Plan ready under assumption: make avatar mandatory in onboarding and automatically compress avatars to stay below the profile-size limit.

  • Read-only sandbox blocked actual edits.

  • request_user_input UI unavailable, so please confirm verbally if avatar should remain optional instead.

  • direnv export zsh attempted per repo rules but failed in read-only sandbox because mise tried to write trust/temp state.

Questions

  1. Question 1: Should avatar upload become mandatory in onboarding, or should it stay optional but auto-compress when provided?

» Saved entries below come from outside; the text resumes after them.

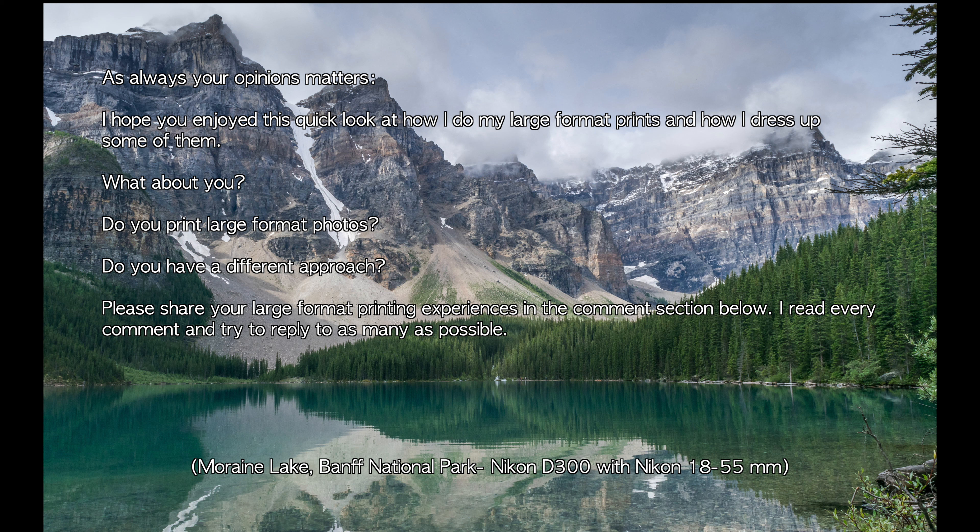As always, your opinion matters. I hope you enjoyed this quick look at how I do large format prints and how I dress some of them up. What about you — do you print large format photos? Do you have a different approach? Please feel free to share your experiences in the comments section below. Thanks for watching.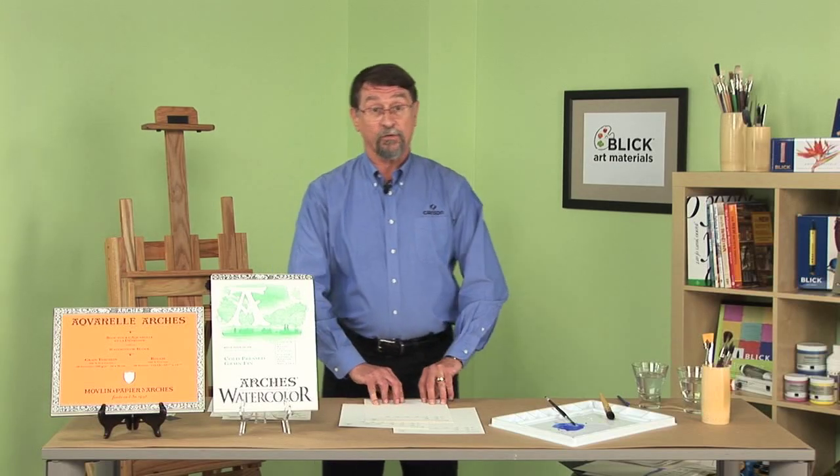Today we're going to talk about watercolor paper — specifically Arches watercolor paper, a watercolor paper that's been around for over 500 years.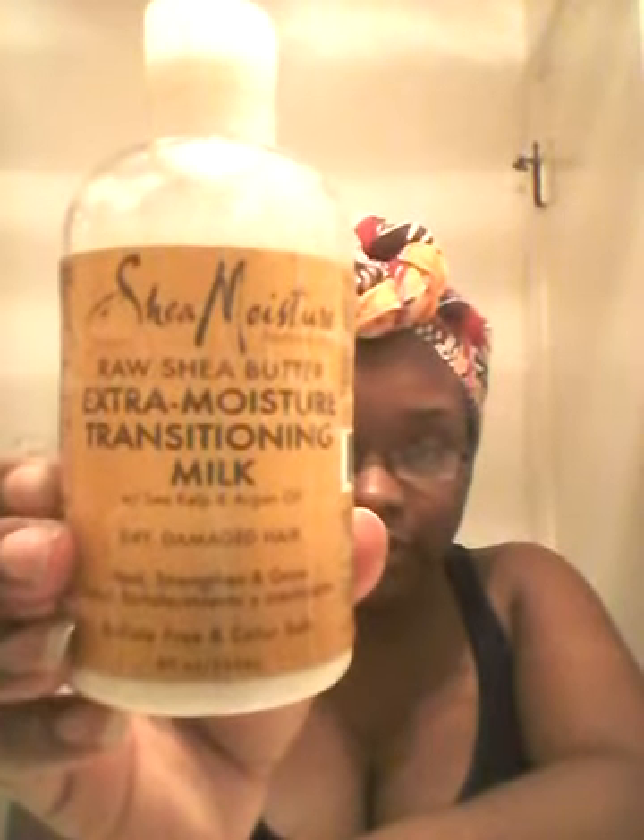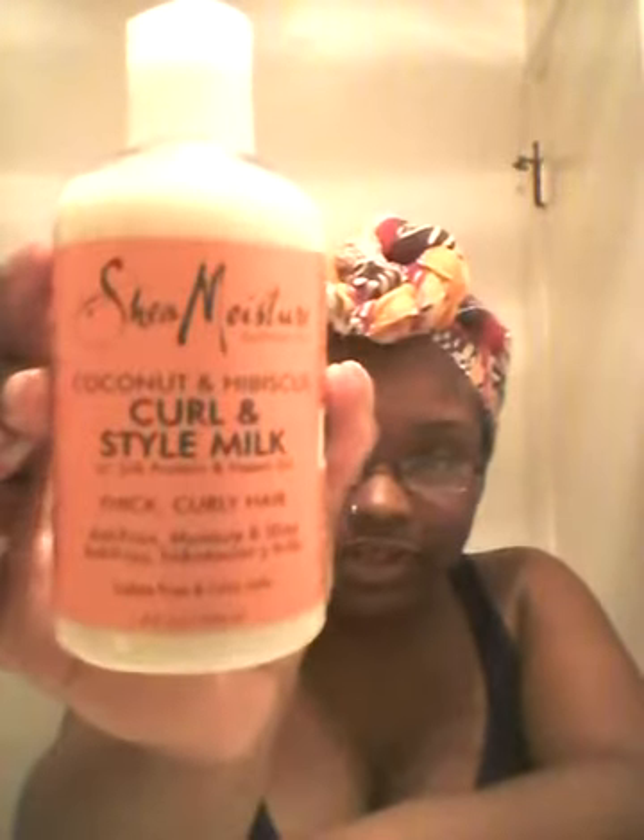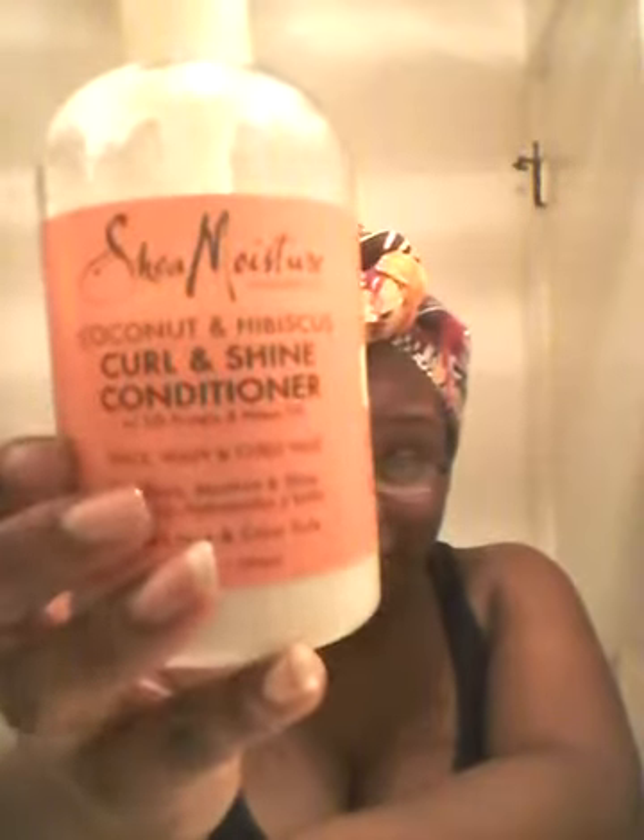And then creamy leave-ins like Shea Moisture's Extra Moist Transitioning Milk, Shea Moisture's Curling Style Milk, Shea Moisture's Curling Shine Conditioner — excuse me, you guys — and Shea Moisture's Restorative Conditioner. By now you guys can tell that I like Shea Moisture's conditioners and leave-ins.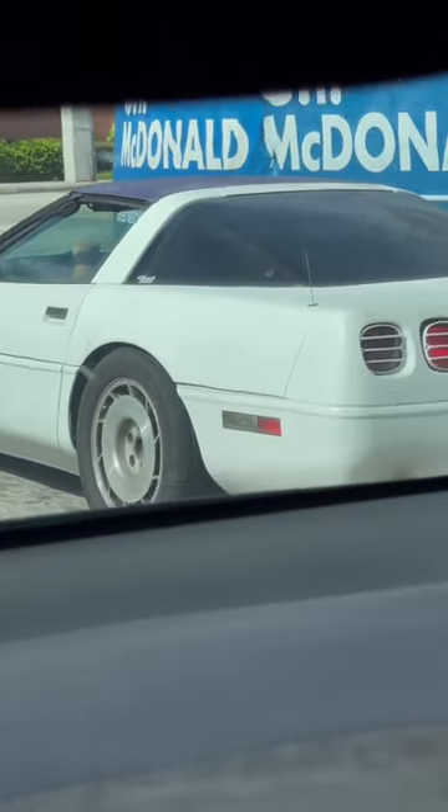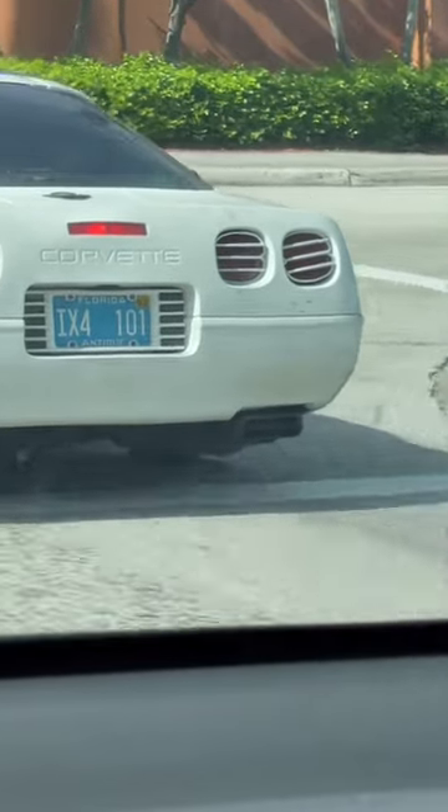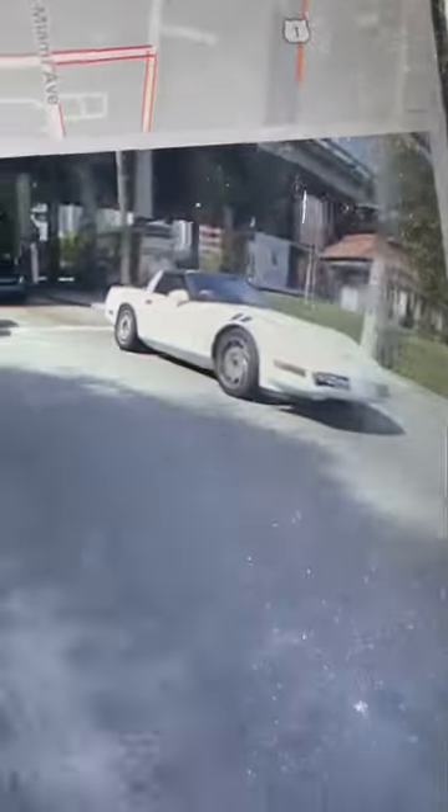This car is driving on the rim — it says Florida Antique. Look at the back passenger side. Do you see it? Do you see the rim? I see the rim. Yeah, the car is still driving. You can't see it here, it's the passenger side, but it's bad.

    • Recommended answer: make it mandatory during onboarding, with auto-compression before upload/storage. Reason: your issue says “users must add an image to their avatar,” and the network concern is size, not optionality.

    • Please answer one of:

      1. Mandatory + compress — recommended.

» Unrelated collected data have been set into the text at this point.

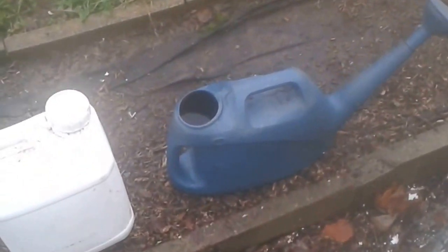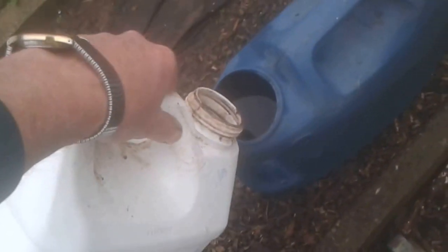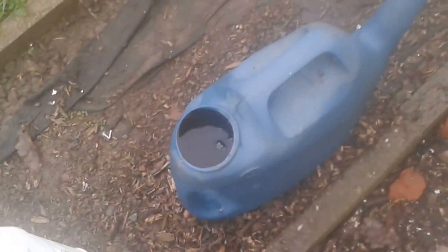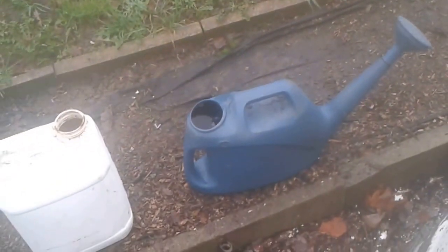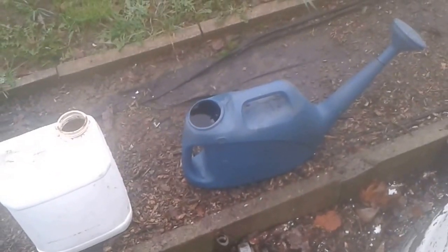This is what I use for watering my leaves. This is my activator, which is liquid osmuc. Where I get my osmuc from, there's a great river at the bottom of it of liquid osmuc. And that's what I use for watering my leaves.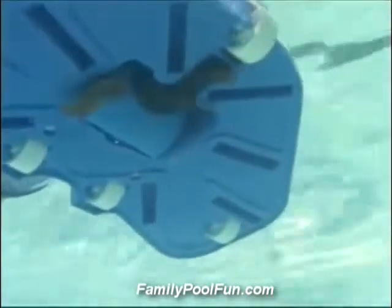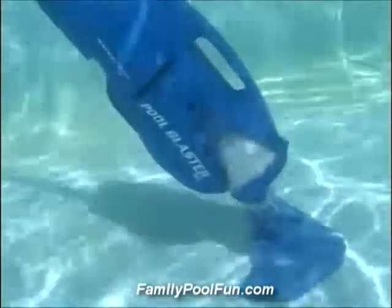The Powerful Pool Blaster Max is the smart choice for your pool and spa cleaning. It cleans leaves, sand, dirt and debris, leaving you with a clean pool and spa for you to enjoy.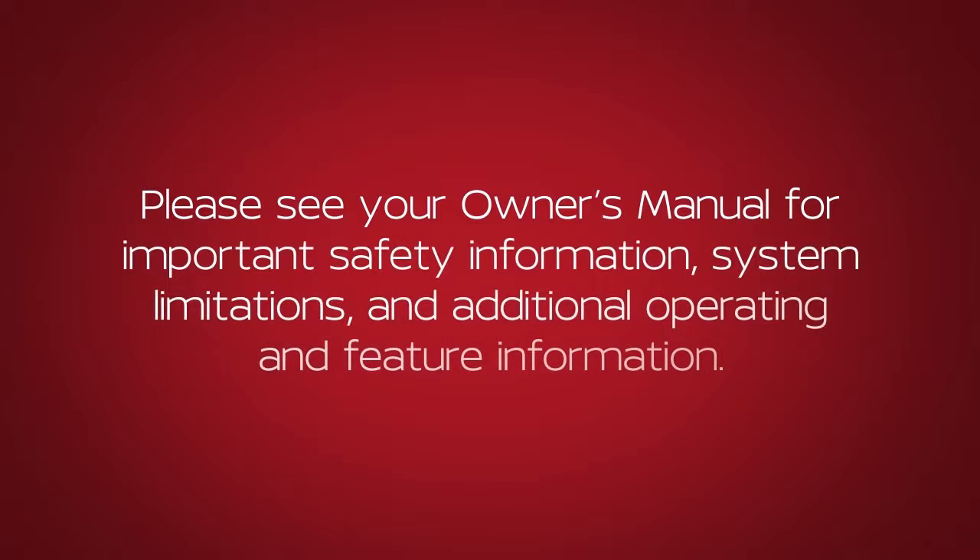Please see your Owner's Manual for important safety information, system limitations and additional operating and feature information.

      2. Optional + compress — keep current skip behavior.

      3. Mandatory only — require avatar but don’t add compression beyond current limits.

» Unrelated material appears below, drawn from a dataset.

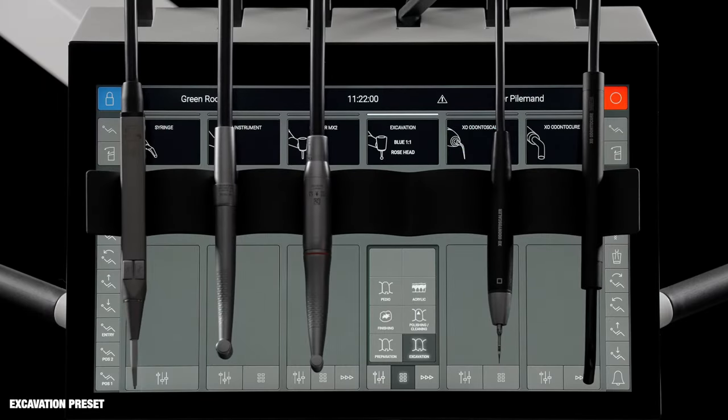The operators are instructed to fit a blue contra-angle with a rose burr on the micromotor. When the foot control is activated, the burr rotates with a constant low speed of 2000 RPM, optimal for removing decayed dentine.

  2. Question 2 : What should the “easy fallback” be when they don’t have an image?

    Recommended answer: Generate a simple avatar from their display name: colored gradient/background + initials, saved as a small PNG/JPEG blob and treated exactly like an uploaded avatar.

    Why this is best:

    • zero extra user work,

    • satisfies “must add an avatar,”

    • deterministic/lightweight,

    • avoids shipping a library or asset pack,

    • works offline,

    • keeps profile objects small.

    Options:

    1. Generate initials avatar — recommended.

    2. Choose from preset icons/colors — more UI, more decisions.

    3. Use a generic default image — easiest, but many users look identical.

    4. Camera/selfie option — useful, but platform permissions/complexity.

  3. Question 3 : What max size should the stored avatar target be?

    Current concern: profile data replicates many times, and there’s a 1 MiB limit. We should not aim for “just under 1 MiB”; that’s still heavy for replication.

    Recommended answer: target ≤100 KiB, hard fail only if optimizer cannot get it under 1 MiB.

    Why:

    • 512×512 PNG can be large for photos.

    • 256×256 or 320×320 JPEG/WebP is visually fine for avatars.

    • 100 KiB is much friendlier for replicated profiles.

    • The 1 MiB limit remains a safety ceiling, not the goal.

    Options:

    1. Target ≤100 KiB, hard max 1 MiB — recommended.

    2. Target ≤250 KiB, hard max 1 MiB — safer quality.

    3. Only enforce ≤1 MiB — simplest but misses “very light object.”

    4. Smaller target, e.g. ≤50 KiB — leanest, more quality risk.

  4. Question 4 : What dimensions/format should optimized avatars use?

    Recommended answer: 256×256 WebP when supported, fallback JPEG, square-cropped center.

    Why:

    • 256px is enough for avatar UI and much lighter than 512px.

    • WebP usually hits ≤100 KiB easily.

    • JPEG fallback keeps compatibility if canvas WebP encode fails.

    • Square crop avoids layout surprises.

    One caveat: if profiles are consumed by environments that may not support WebP, JPEG-only is safer.

    Options:

    1. 256×256 WebP, JPEG fallback — recommended.

    2. 256×256 JPEG only — maximum compatibility.

    3. 512×512 WebP/JPEG — higher quality, heavier.

    4. Keep original dimensions, compress only — worse for replication.